Piazza San Pietro tace. Carol Wojtyla ha cessato di vivere

ROMA – Da anni quell’uomo recava sul volto e sul corpo i segni di mali devastanti, sopportati con rassegnazione e straordinaria forza d’animo: da tempo, anche i meno credenti, avevano imparato ad amarlo proprio per questa sua sofferenza.
Così come si ama un nonno vecchio e malandato che però continua a dispensare carezze ai nipoti ribelli e distratti.

Solo tre giorni prima ci aveva provato, Papa Giovanni Paolo II, a comunicare ancora con la sua folla: con la gente che lo amava e che lui amava. Non ce l’aveva fatta. Il suo male lo aveva reso muto: neanche lui, così temprato alla sofferenza, era riuscito a mascherare lo spasmo, quella terribile smorfia di dolore che rimarrà  negli occhi di tutti.

Era stato lui, a ridosso delle grandi stragi di mafia del 1992, a visitare la Sicilia e gli avamposti di una mafia florida e straordinariamente bene organizzata.

Era stato lui, da Trapani ad Agrigento, ad “arrabbiarsi” contro la mafia: a tuonare contro i boss.

Era stato lui – uomo distante da certe logiche se non altro per provenienza geografica – a vibrare il pugno in aria e ad urlare con voce tremante ” Convertitevi!”.

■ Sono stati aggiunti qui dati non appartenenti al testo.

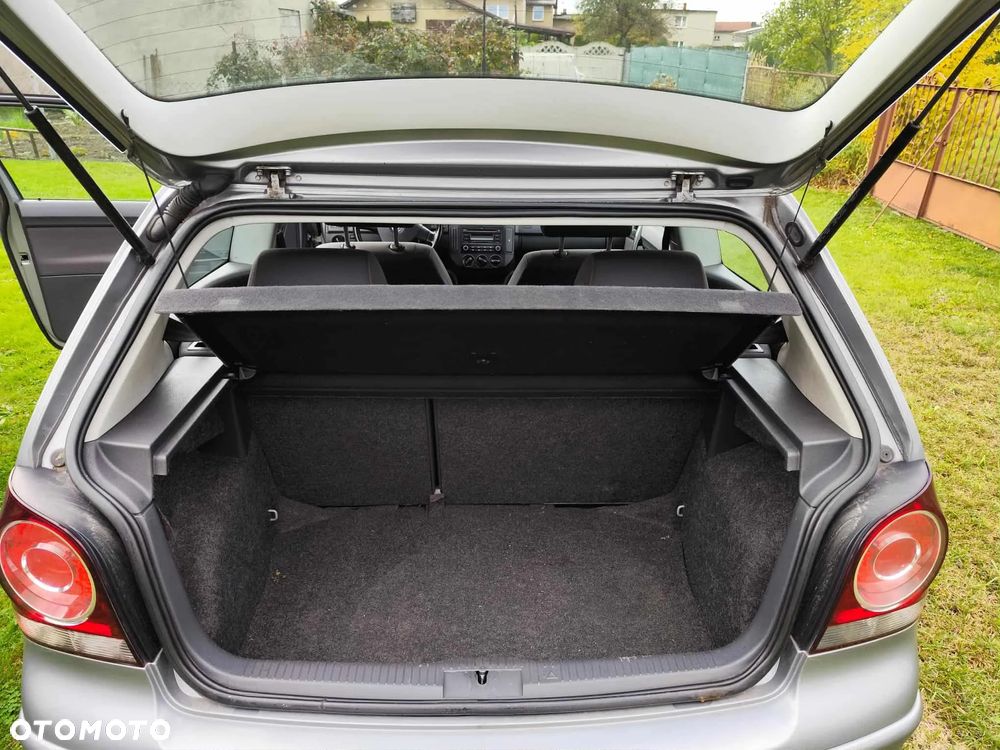 Volkswagen Polo - 9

Per la Sicilia Giovanni Paolo ha fatto questo: ha fatto quello che nessun Pontefice aveva fatto prima. Aveva sfidato e stigmatizzato la mafia in casa della mafia, e proprio mentre la mafia colpiva indisturbata – forte di un organigramma solido e compatto – i vertici della magistratura antimafia per eccellenza: i giudici Giovanni Falcone e Paolo Borsellino, lo zoccolo duro che la mafia per sopravvivere, doveva sgretolare, e tanti uomini delle forze dell’ordine.

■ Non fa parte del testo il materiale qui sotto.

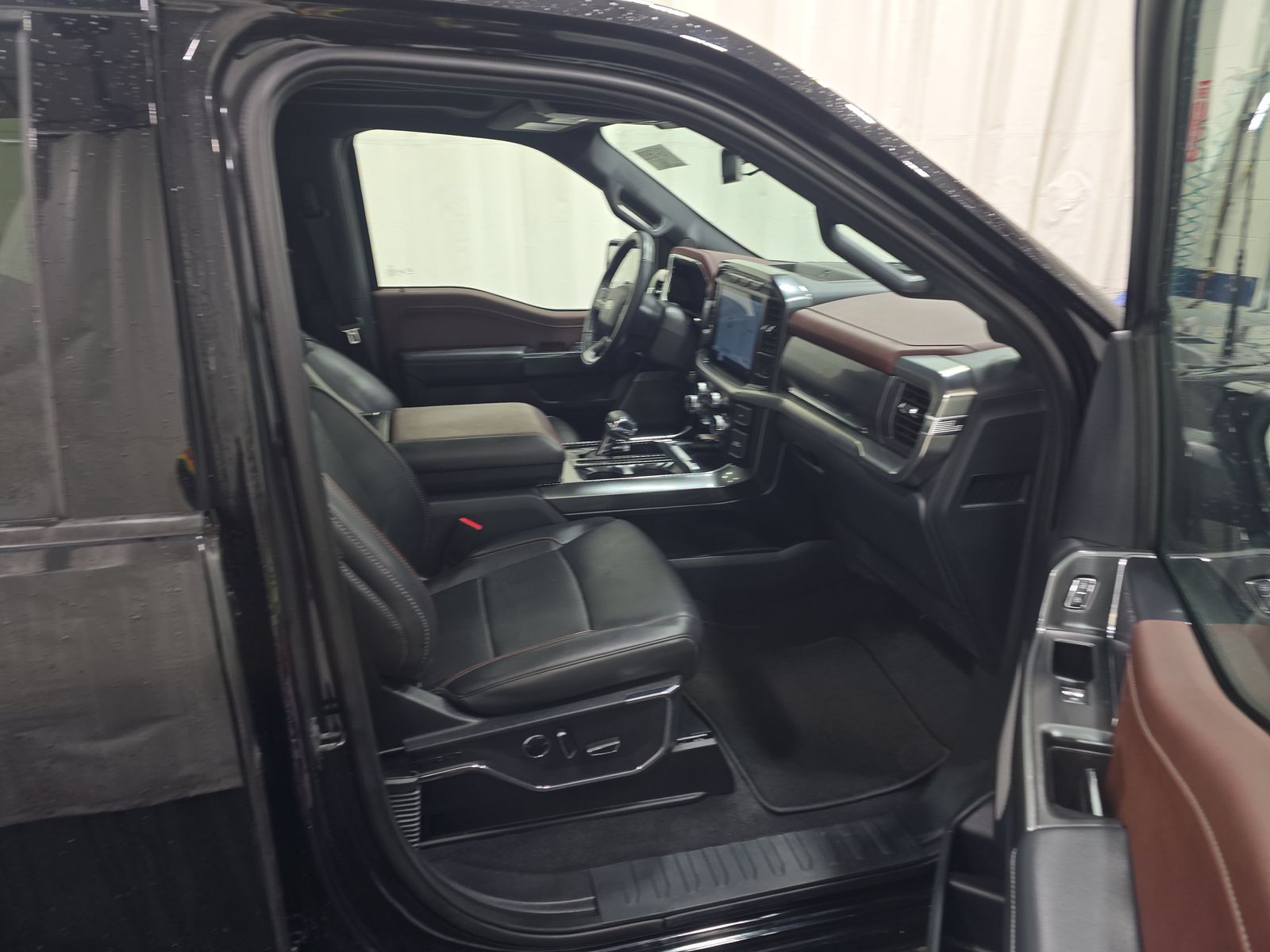 2023 Ford F-150 Lariat AWD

Erano anni roventi per la Sicilia : anni di sbigottimento e di terrore.

Forse, per molti, di incredula rassegnazione. Da quelle visite sono scaturiti “pentimenti” ma- cosa ancora più eclatatante ed importante- un riavvicinamento generale dei giovani alla Chiesa ed alle sue linee guida che, per quanto rigide su certi punti, Papa Giovanni Paolo aveva cercato di “ammorbidire”
e di smussare proprio per far breccia nel cuore dei giovani. E c’era riuscito.

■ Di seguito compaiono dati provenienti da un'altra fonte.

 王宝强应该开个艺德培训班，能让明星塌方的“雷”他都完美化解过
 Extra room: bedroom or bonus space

Chi verrà  adesso non raccoglierà  un’eredità  facile. Quest’uomo giocoso, allegro al di la della sofferenza, ben disposto e disponibile, tutto proteso verso la gente, non sarà  facile da soppiantare nel cuore e nella fede della gente di mezzo mondo.

Poco verosimile l’ipotesi di un Papa italiano, mentre si accredita sempre di più la possibilità  di un nuovo pontefice sudamericano: ciò anche se il nome più sussurrato seppure a mezza voce è quello del tedesco Joseph Ratzinger, Vescovo decano e braccio destro, amico e confidente del Papa che tutti vogliono Santo.